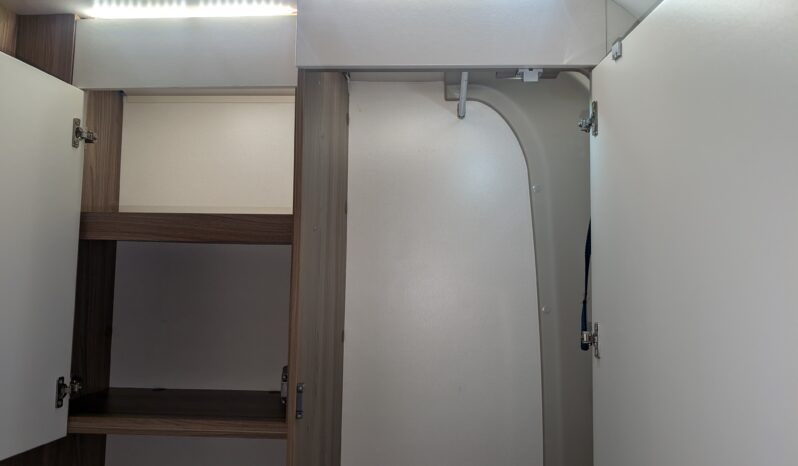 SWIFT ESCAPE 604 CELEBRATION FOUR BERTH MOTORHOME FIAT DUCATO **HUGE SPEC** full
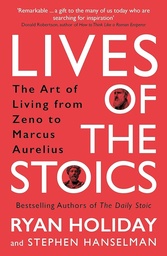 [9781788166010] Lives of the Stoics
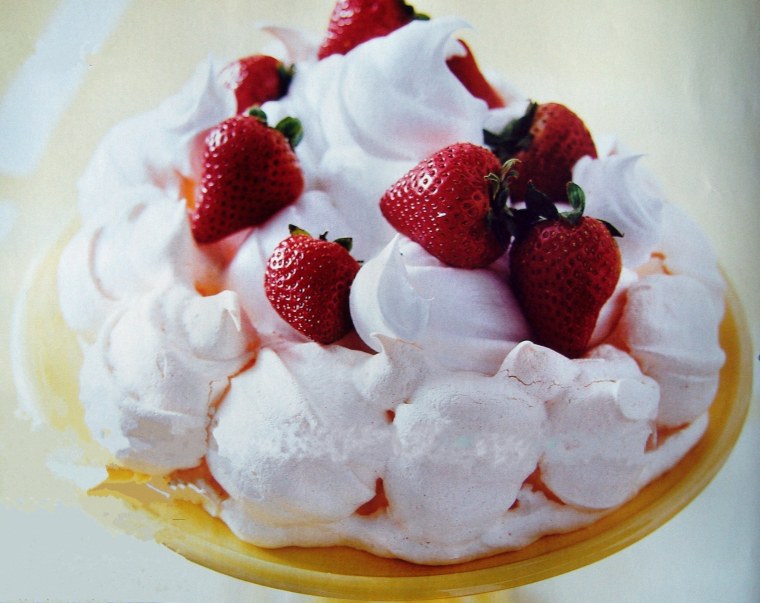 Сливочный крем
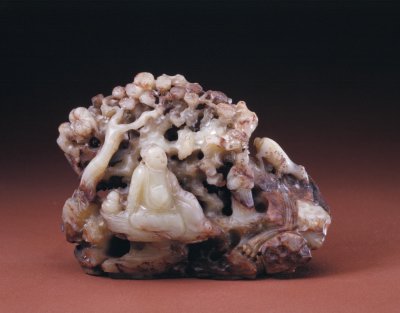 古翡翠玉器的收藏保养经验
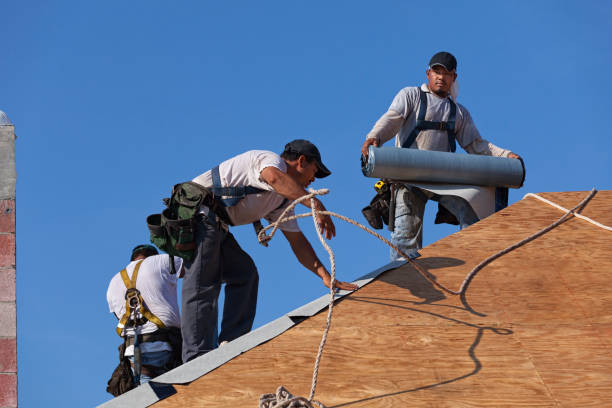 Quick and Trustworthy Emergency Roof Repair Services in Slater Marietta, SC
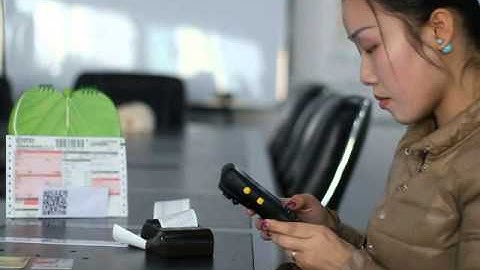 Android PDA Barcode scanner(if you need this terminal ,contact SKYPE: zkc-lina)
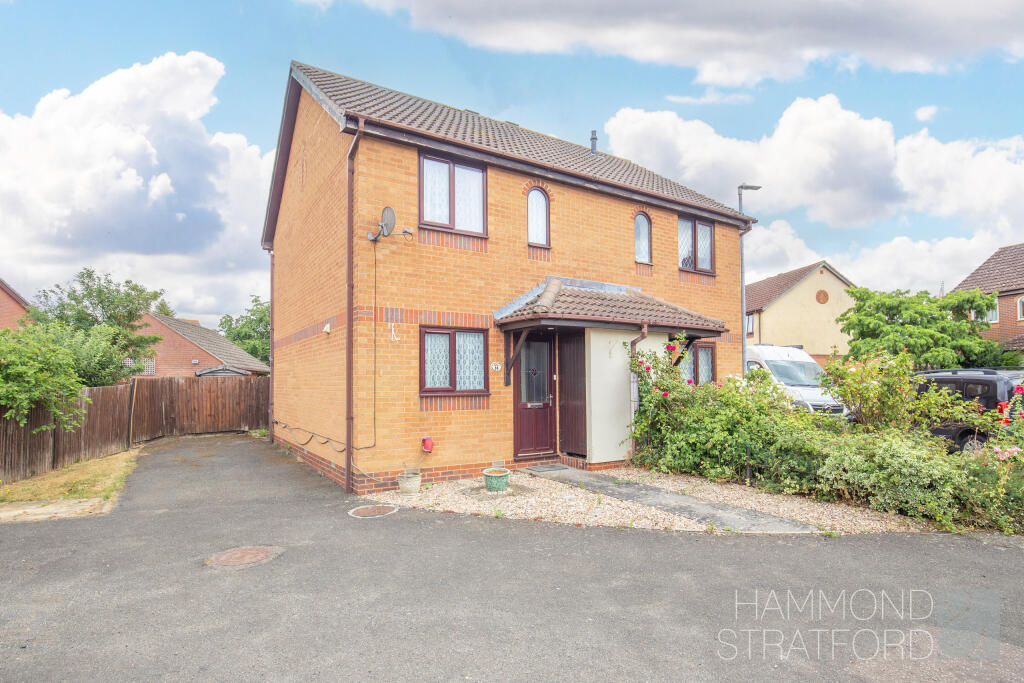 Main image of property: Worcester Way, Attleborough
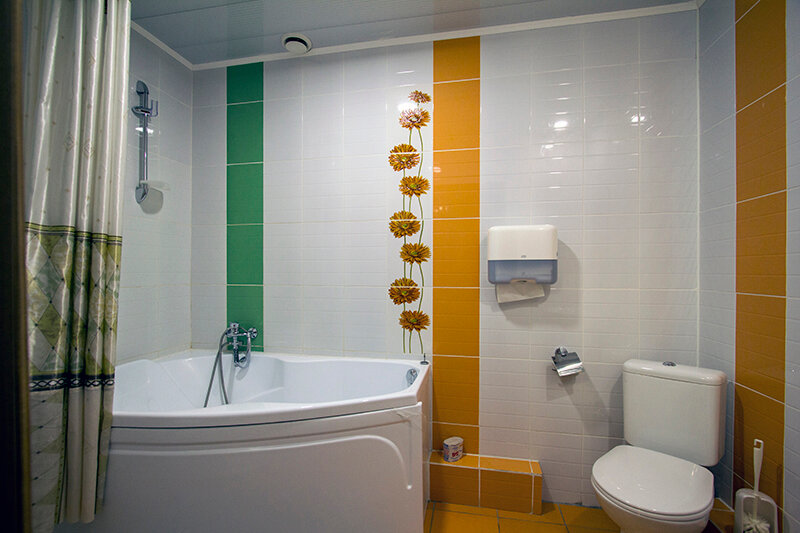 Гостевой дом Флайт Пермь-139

* * *

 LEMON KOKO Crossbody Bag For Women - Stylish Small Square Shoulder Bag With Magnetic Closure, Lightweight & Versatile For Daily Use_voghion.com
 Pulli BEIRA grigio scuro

▸ **WORK INSTRUCTION**
Restate word for word the lines of the data above that begin at the line with "Quick and Trustworthy" and end at the line with "Гостевой дом Флайт Пермь-139", keeping both ends and dropping every picture.

▸ **ANSWER TO THE PROBLEM**
 Quick and Trustworthy Emergency Roof Repair Services in Slater Marietta, SC
 Android PDA Barcode scanner(if you need this terminal ,contact SKYPE: zkc-lina)
 Main image of property: Worcester Way, Attleborough
 Гостевой дом Флайт Пермь-139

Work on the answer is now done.